Basically, if we draw the tree diagram we get a left-weighted binary-tree

We know that we need more girls then boys so we cannot have X = some even number.

Let $\displaystyle f_x(x)$ be our pdf.

So $\displaystyle f_x(x) = 0$, if x is even.

We just need to find the case where X = odd.

I've considered some cases for x = 1,3,5,7,9.....

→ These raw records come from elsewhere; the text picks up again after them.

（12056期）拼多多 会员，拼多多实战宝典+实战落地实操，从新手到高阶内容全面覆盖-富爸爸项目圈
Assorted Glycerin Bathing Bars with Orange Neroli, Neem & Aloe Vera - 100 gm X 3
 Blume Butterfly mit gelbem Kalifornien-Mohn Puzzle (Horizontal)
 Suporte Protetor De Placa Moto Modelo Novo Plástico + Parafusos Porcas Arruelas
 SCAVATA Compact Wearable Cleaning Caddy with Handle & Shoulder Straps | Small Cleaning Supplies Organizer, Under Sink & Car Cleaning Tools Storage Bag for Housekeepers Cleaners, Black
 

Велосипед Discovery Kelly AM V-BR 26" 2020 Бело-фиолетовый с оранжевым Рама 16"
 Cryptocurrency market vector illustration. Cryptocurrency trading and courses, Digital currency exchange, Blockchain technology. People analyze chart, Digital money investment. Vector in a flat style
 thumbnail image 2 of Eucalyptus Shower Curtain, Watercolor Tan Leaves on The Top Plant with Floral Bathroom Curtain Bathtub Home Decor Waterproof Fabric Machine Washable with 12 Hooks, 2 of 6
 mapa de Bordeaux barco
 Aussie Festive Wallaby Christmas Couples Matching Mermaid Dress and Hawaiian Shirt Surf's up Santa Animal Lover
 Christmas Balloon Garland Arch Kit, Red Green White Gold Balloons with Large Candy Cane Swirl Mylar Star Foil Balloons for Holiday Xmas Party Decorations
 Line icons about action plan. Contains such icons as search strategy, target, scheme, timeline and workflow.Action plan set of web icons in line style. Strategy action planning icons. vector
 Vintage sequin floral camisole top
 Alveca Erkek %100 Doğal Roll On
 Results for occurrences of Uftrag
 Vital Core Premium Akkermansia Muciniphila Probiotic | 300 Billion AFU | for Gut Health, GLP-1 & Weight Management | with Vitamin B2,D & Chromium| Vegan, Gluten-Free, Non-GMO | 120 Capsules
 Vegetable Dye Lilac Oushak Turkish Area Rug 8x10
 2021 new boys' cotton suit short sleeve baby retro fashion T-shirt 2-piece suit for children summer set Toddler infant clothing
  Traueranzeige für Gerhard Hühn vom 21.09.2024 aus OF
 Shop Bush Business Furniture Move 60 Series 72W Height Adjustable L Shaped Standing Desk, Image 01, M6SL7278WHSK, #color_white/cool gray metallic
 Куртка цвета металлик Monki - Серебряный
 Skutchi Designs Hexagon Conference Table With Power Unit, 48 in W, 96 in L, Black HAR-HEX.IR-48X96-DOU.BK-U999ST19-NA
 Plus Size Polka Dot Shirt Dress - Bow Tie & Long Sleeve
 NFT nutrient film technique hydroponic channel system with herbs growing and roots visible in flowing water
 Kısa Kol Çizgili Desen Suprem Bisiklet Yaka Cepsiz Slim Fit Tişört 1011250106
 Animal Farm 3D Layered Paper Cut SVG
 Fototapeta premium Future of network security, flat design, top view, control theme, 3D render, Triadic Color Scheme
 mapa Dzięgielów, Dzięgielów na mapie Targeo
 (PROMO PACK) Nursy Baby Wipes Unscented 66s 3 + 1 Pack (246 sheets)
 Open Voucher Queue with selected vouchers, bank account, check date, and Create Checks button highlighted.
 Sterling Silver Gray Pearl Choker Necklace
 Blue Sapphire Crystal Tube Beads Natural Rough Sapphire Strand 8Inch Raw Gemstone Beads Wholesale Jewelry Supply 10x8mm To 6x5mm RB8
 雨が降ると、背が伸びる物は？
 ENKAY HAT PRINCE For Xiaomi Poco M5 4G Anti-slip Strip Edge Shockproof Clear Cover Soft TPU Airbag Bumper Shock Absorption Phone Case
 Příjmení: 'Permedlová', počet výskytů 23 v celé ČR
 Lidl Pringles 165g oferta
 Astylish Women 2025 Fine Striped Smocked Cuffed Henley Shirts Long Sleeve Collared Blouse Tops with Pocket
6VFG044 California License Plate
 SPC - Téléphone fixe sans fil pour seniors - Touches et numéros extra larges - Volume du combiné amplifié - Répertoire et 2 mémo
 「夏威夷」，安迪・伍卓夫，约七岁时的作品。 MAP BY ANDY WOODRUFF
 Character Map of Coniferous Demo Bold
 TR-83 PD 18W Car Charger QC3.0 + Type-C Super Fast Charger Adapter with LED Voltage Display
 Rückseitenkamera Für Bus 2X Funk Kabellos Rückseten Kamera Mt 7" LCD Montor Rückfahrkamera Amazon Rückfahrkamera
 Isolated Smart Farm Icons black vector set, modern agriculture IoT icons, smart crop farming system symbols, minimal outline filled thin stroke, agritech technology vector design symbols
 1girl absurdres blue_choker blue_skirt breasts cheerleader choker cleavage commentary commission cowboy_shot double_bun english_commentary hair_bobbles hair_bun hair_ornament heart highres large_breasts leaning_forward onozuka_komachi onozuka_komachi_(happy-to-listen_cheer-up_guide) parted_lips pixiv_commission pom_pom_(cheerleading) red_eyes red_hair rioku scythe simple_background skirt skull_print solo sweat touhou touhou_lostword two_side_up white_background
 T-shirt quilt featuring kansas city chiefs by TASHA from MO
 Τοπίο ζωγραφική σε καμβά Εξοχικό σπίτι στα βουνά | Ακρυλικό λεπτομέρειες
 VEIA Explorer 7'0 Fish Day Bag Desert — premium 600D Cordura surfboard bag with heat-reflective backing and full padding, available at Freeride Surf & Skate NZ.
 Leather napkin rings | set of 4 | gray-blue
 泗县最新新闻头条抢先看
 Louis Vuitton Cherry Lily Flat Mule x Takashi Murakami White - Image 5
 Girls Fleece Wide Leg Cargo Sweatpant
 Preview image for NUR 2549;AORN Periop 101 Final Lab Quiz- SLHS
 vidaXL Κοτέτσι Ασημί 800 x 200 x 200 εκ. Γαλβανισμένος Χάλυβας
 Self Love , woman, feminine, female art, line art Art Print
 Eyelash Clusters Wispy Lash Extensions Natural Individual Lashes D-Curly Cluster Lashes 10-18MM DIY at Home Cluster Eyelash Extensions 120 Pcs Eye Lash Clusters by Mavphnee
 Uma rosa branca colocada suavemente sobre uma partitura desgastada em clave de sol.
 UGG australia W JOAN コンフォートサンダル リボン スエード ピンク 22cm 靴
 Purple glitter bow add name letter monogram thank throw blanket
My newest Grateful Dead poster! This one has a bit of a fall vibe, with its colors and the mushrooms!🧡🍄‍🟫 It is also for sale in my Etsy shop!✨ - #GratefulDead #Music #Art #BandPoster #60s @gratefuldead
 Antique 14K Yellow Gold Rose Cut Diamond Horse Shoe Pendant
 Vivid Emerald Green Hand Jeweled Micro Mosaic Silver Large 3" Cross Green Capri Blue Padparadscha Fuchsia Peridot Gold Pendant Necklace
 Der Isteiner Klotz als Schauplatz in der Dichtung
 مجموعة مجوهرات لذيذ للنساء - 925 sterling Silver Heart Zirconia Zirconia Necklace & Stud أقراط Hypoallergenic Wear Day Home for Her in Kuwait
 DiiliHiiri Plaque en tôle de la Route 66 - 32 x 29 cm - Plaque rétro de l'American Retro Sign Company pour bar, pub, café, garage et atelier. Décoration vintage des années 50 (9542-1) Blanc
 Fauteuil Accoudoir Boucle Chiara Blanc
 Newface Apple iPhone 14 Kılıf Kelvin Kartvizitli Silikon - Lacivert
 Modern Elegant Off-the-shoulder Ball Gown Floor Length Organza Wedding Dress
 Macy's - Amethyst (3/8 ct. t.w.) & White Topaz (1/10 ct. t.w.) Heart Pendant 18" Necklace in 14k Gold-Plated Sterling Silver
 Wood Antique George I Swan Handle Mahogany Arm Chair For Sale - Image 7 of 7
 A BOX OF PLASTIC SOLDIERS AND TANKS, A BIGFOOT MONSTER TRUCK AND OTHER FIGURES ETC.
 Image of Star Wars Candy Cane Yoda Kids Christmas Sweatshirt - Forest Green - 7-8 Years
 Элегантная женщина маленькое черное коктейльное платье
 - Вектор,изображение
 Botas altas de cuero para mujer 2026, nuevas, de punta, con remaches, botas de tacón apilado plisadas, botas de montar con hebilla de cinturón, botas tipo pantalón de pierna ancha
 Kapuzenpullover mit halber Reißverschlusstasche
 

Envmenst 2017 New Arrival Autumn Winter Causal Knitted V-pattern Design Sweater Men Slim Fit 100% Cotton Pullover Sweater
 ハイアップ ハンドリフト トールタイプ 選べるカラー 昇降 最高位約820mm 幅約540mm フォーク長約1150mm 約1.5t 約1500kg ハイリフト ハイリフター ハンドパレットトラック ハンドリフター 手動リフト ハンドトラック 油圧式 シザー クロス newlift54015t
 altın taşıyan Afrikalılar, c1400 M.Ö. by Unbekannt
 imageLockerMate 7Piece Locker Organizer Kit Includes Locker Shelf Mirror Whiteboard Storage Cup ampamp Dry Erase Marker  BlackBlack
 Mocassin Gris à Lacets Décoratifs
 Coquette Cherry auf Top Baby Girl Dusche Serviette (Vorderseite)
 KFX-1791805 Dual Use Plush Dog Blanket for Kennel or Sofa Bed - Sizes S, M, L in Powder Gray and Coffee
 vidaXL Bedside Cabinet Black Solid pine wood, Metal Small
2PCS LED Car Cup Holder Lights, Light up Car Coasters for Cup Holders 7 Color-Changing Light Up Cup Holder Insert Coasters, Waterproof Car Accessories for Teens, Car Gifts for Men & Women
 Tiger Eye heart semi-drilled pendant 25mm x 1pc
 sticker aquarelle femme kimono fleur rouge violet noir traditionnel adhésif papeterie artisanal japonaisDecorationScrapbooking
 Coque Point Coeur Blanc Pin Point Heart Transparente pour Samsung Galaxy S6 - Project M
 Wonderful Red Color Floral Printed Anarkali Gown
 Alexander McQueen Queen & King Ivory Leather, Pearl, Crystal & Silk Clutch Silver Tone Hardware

$\displaystyle P(X = 1) = f_x(1) = \frac{2}{3}$, this from case {F}

$\displaystyle P(X = 3) = f_x(1) = (\frac{1}{3})(\frac{2}{3})^2$, this is from case {MFF}

$\displaystyle P(X = 5) = f_x(5) = 2(\frac{1}{3})^2(\frac{2}{3})^3$, this is for case {MMFFF, MFMFF}

$\displaystyle P(X = 7) = f_x(7) = 4(\frac{1}{3})^3(\frac{2}{3})^4$, for cases {MMMFFFF,MFMMFFF,MMFMFFF,MMFFMFF}

**Now**, this is where i get stuck:

$\displaystyle P(X = 9) = f_x(9) = \bold{c_9}(\frac{1}{3})^4(\frac{2}{3})^5$

for general case:

$\displaystyle P(X = n) = f_x(n) = \bold{c_n}(\frac{1}{3})^{\frac{n-1}{2}}(\frac{2}{3})^{\frac{n+1}{2}}$, for n odd

I'm not sure how to find $\displaystyle \bold{c_n}$. I guess it will be some kind of counting problem and may involve combinations.

Any ideas will be appreciated